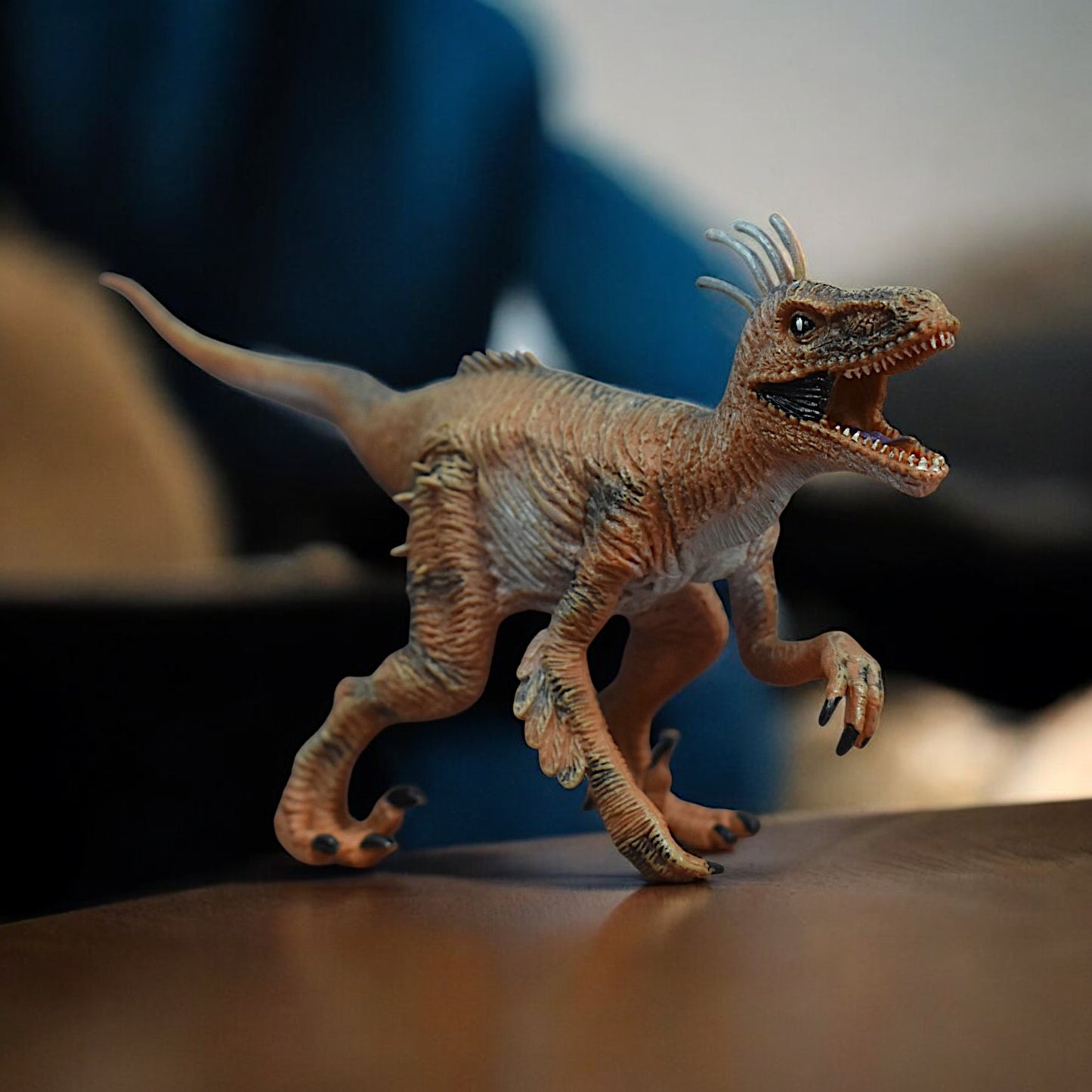Dinosaur Action Figure - Realistic 10-inch Velociraptor Toy For Kids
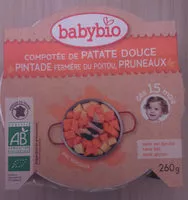 Sokerin määrä sisällä Menu Patate Douce Pintade Pruneaux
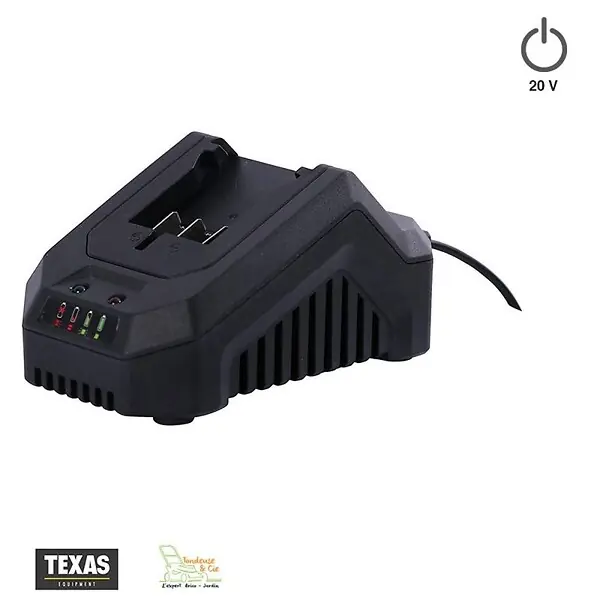 Chargeur rapide 2Ah pour outils sans fil à batterie Texas 20 volts Réduction
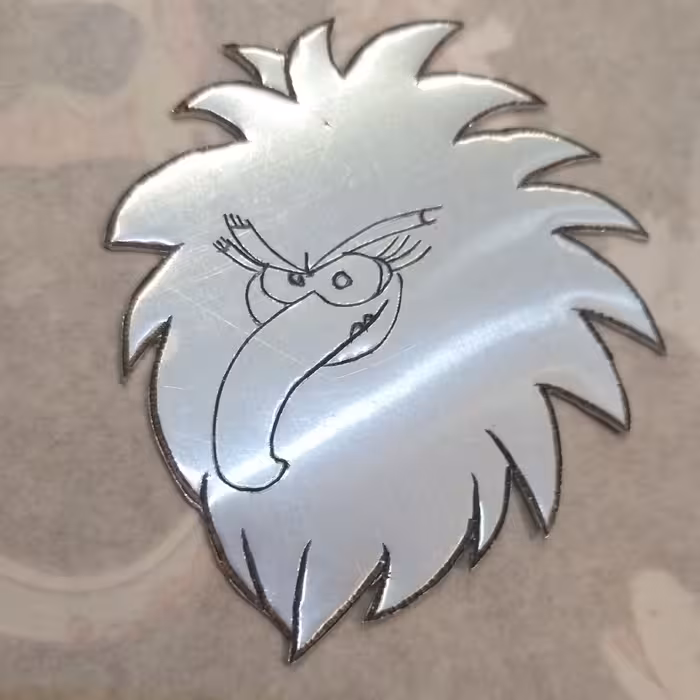 پلاک  انگری بردز  14  دستساز و قلمزنی بر روی آلومینیوم angry birds
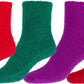 Sakkas Super Soft Anti-Slip Fuzzy Ankle Socks Value Assorted 6-Pack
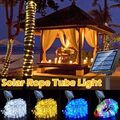 Solar Lichterkette Beleuchtung 50-100 LED Kupferdraht Party Garten Außen Deko DE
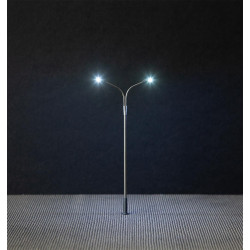 Éclairage Multicolore Faller – Lot De 3 Lampes – Pour Maquettes, Dioramas – Hauteur Réglable 94 Mm – 12V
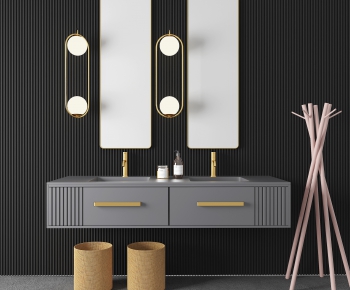 Nordic Style Bathroom Cabinet-ID:608126679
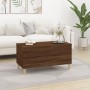 Mesa de centro madera contrachapada roble marrón 90x44,5x45 cm de vidaXL, Mesas de centro - Ref: Foro24-819587, Precio: 65,63...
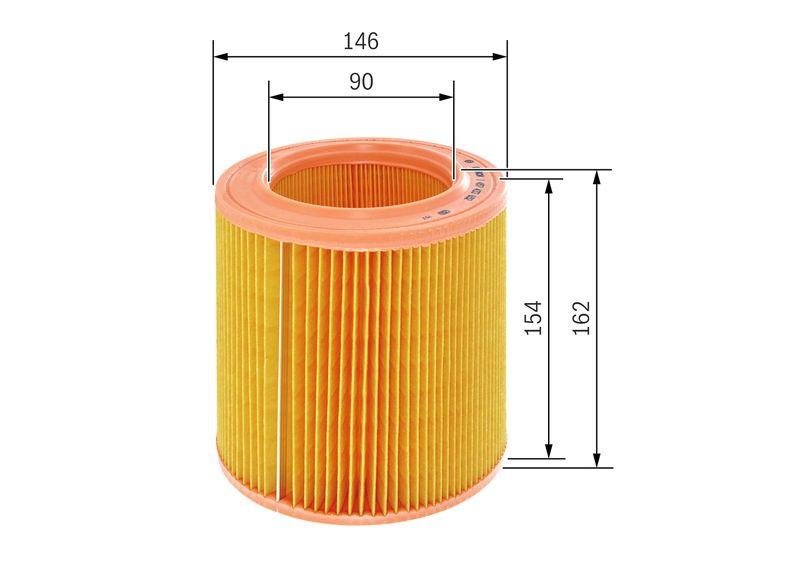 Filtre à air BOSCH 1 457 433 652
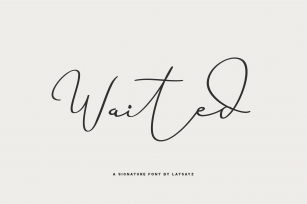 Miss Waited Font Download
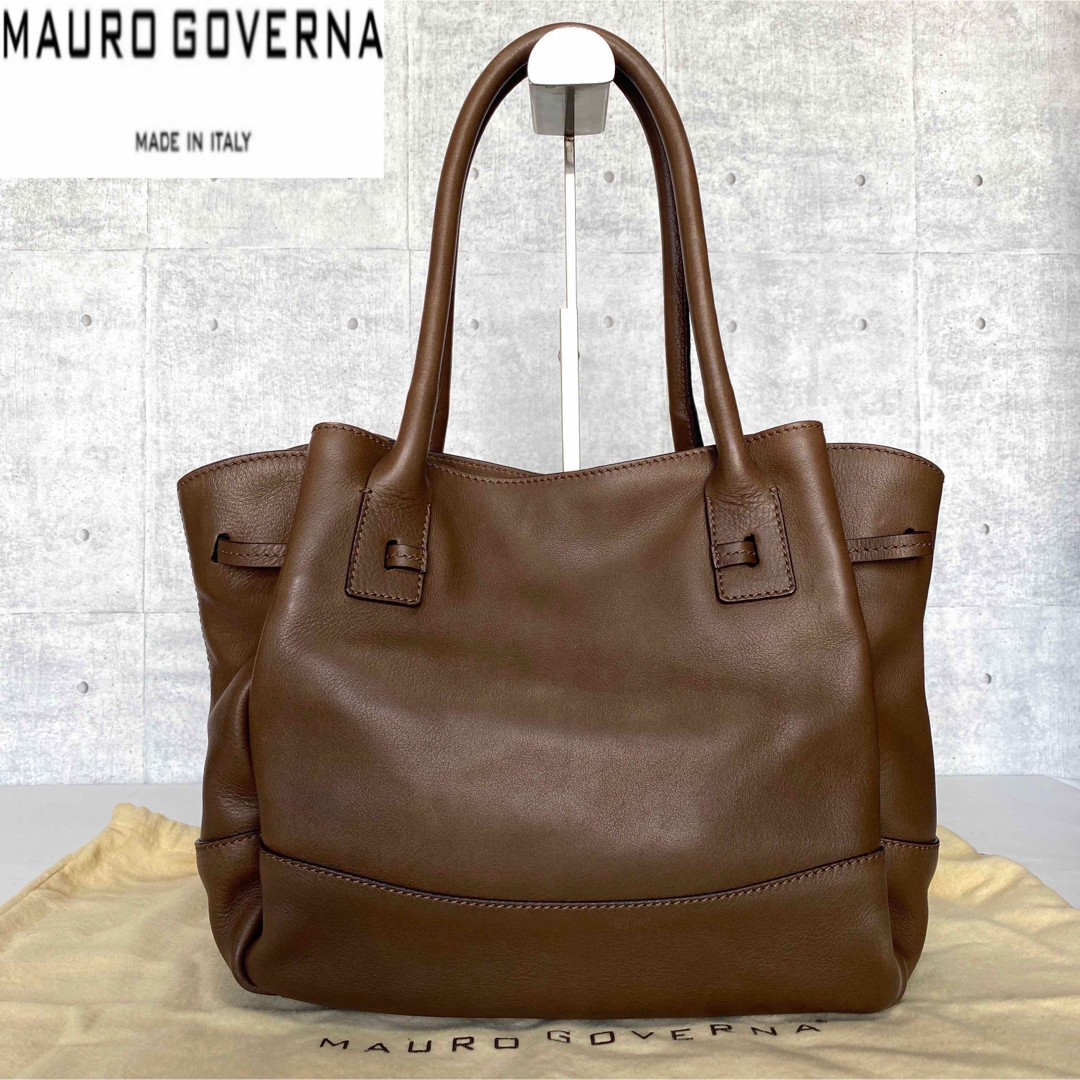 専用品 MAURO GOVERNA パイソン レザー シルバー金具 トートバッグ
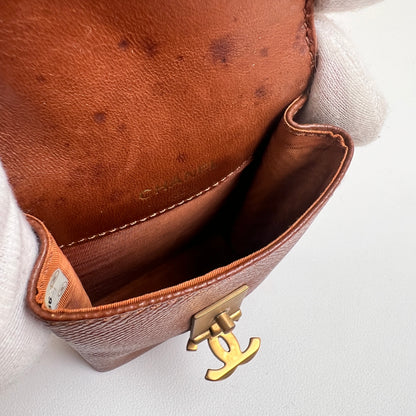 Chanel Brown Pouches A-15773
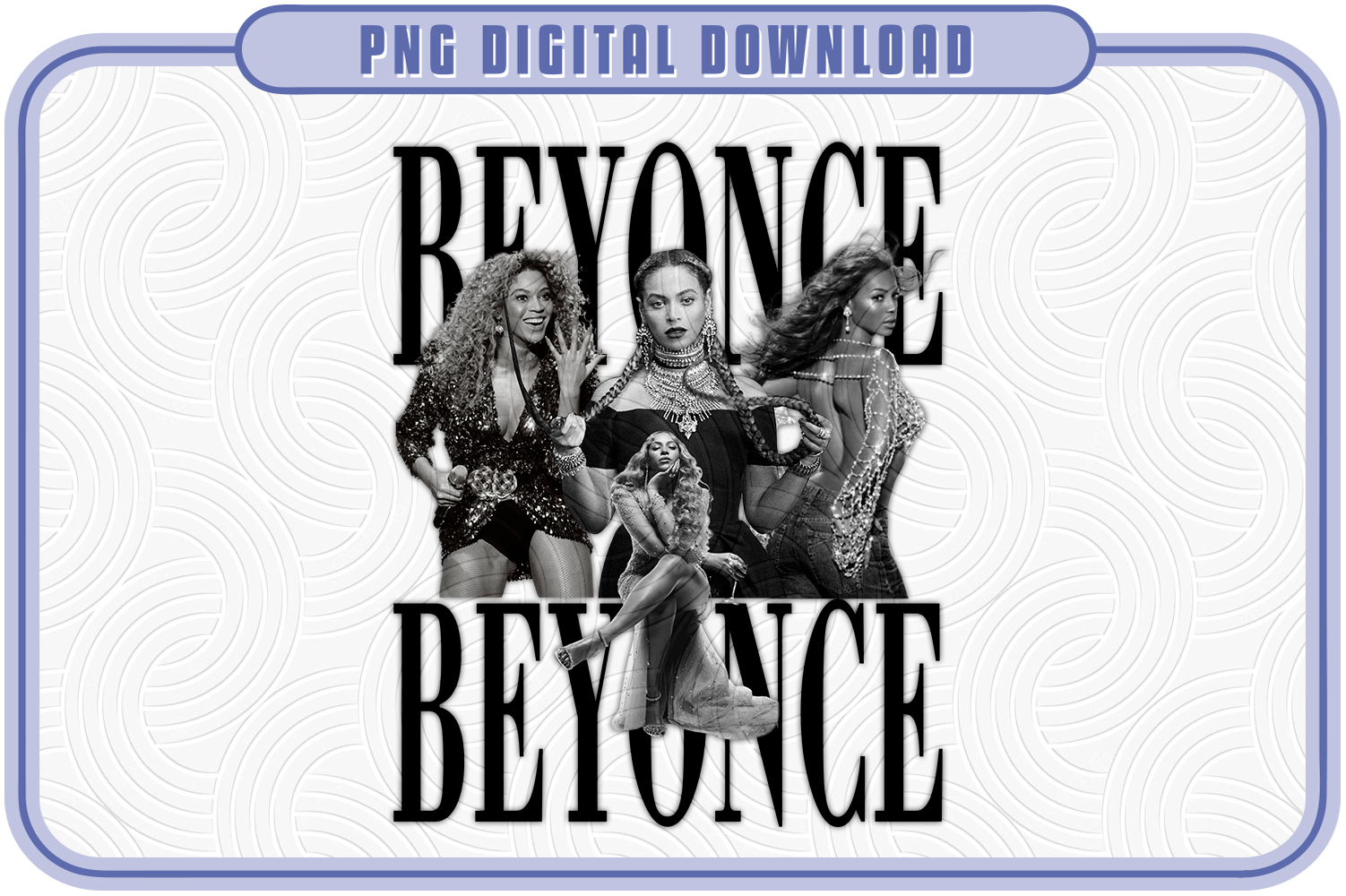 Beyonce Vintage Design, Digital File download, designs for Shirts ...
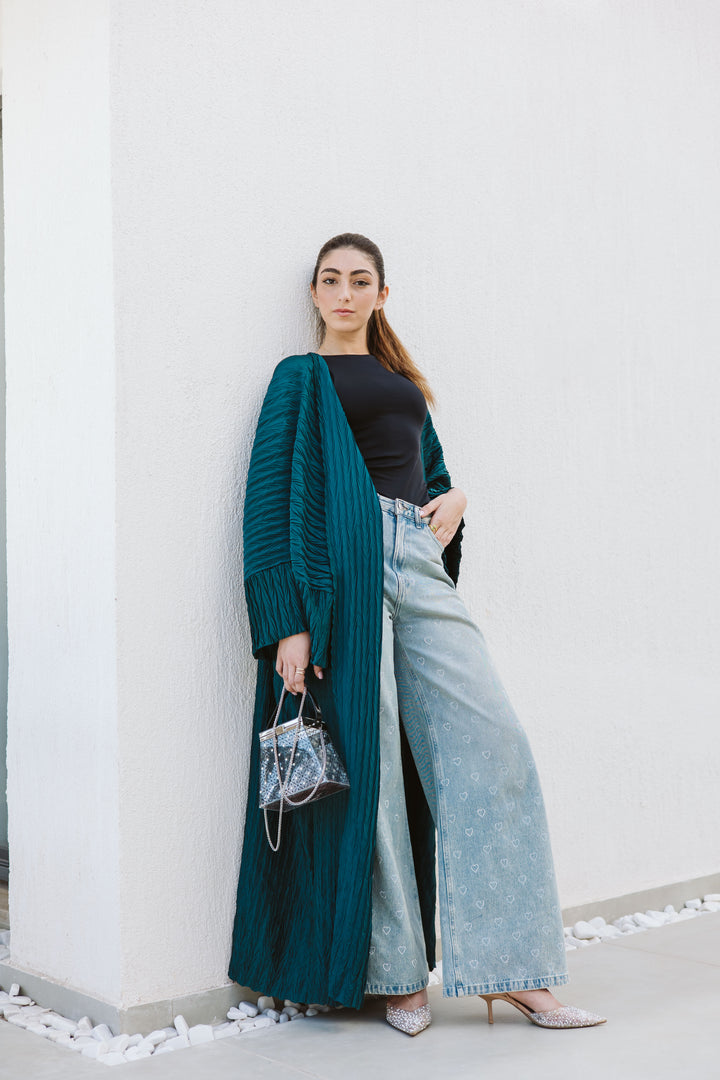 Flowline kimono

————

■ **WHAT NEEDS TO BE DONE**:
Each line from the first line of the material above through the line containing "Solar Lichterkette Beleuchtung" is to be reproduced exactly, with both ends kept and pictures left out.

■ **REPLY TO THE EXERCISE**:
Dinosaur Action Figure - Realistic 10-inch Velociraptor Toy For Kids
 Sokerin määrä sisällä Menu Patate Douce Pintade Pruneaux
 Chargeur rapide 2Ah pour outils sans fil à batterie Texas 20 volts Réduction
 پلاک  انگری بردز  14  دستساز و قلمزنی بر روی آلومینیوم angry birds
 Sakkas Super Soft Anti-Slip Fuzzy Ankle Socks Value Assorted 6-Pack
 Solar Lichterkette Beleuchtung 50-100 LED Kupferdraht Party Garten Außen Deko DE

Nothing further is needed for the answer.